Very nice. The code works. Thank you so much for making this video and explaining it so very well.

for a minute i forgot i'm studying....so many signature lines...even batman cried....i don't know much js...but i continued anyways......

could you please remove the music it does not add any value just noise

I think this is a good algo. But a hard interview question because I think the probability of coming up with this O(n) solution in the middle of an interview having never seen this problem is low.

My kids were in the room when I listened to this... Please give the warning first ...

man started the vid with "what up mothafuckas" LMFAO

Hey, thanks for the video. I have a quick question if you don't mind. When you went from 3 to 2, you only popped the top value from the height stack (since the rectangle at index 2 started from index 1). However, when you go from 2 to 1, you pop from both stacks. Can you explain why? From my understanding, there is still a rectangle from index 1 to index 3 with height 1. So what I have in the Position and Height stack when i = 5 is: P - H 4 - 2 1 - 1 0 - 1 Thanks!

I absolutely loved this! Really wonderful job explaining the problem and working out a solution!!

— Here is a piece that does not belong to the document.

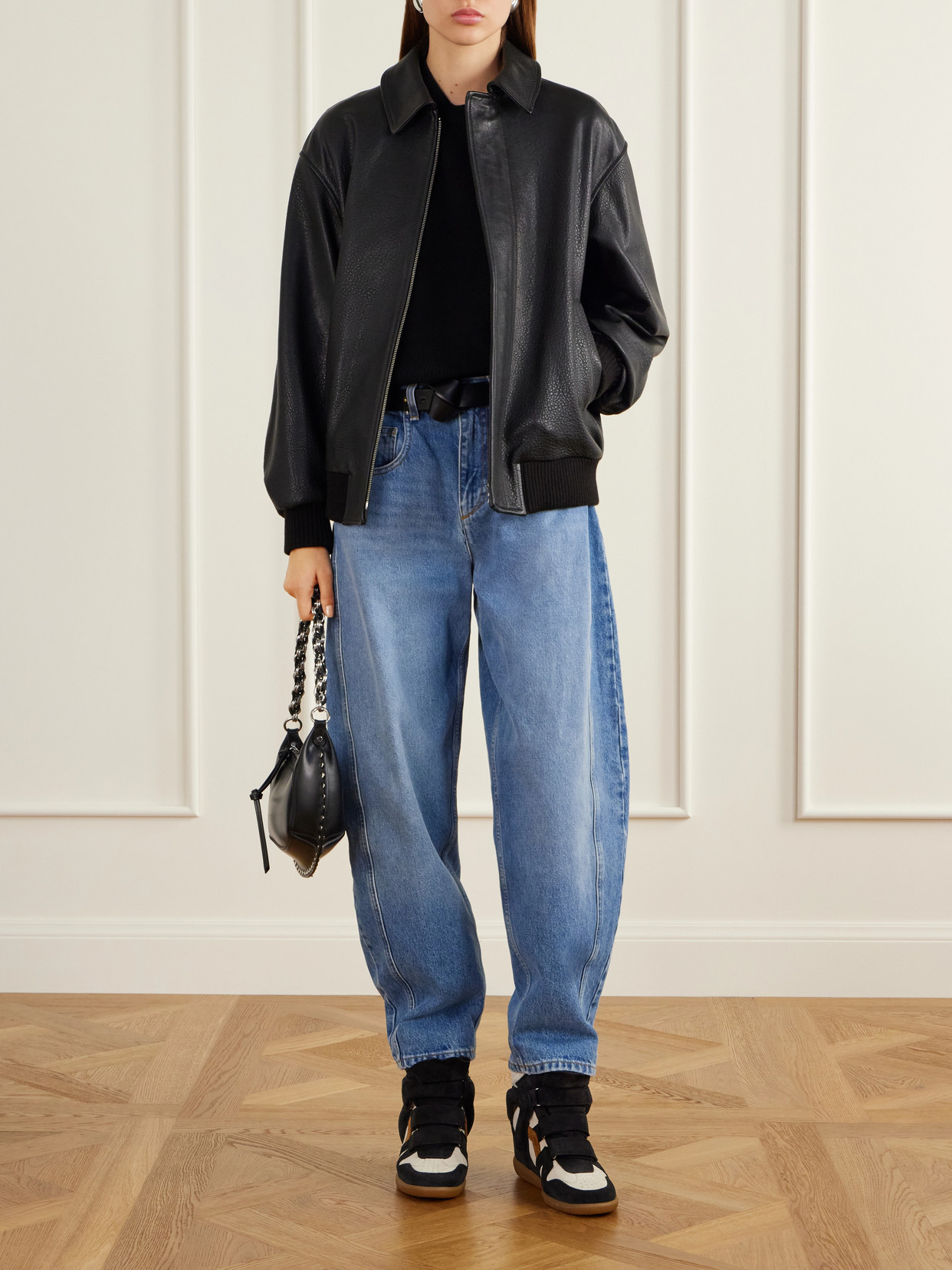 Bekett Suede Wedge Sneakers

Today we're going to code using a "for loop", which is an ancient form of loop, used way before there was a foreach for everything!!! HAHAH! Why doesn't he make anymore of these??

I think hStack.push(h); pStack.push(tempPos); should happen only if popThatShit() was called, not necessarily if hStack.length === 0.

What happens if you replace the tempPos logic with pstack[-1]+1 when stack is not empty and let it be zero when stack is empty? Basically I am thinking the tempPos logic may be redundant. Am I wrong? In what cases does this not work if it doesn't?

If you use a Tuple you can just use 1 stack.

Thank you for your help and your vid is nice, but if you could name the stack as "Start Growing Positions" corresponding to the record in the "heights" stack, it would be easier to understand.

Great video performance! But from the algorithmic point of view I would suggested this (in pseudo code) maxArea = 0 for all l:listOfConnectedRectangles in listOfListOfConnectedRectangles do currentArea = width(l) * min(height of rectangles in l) maxArea = max( maxArea, currentArea ) end And ah well, yes, I would also need to specify how to derive listOfListOfConnectedRectangles. :) Anyway, this is a suggestion from the top of my hat, what do you think?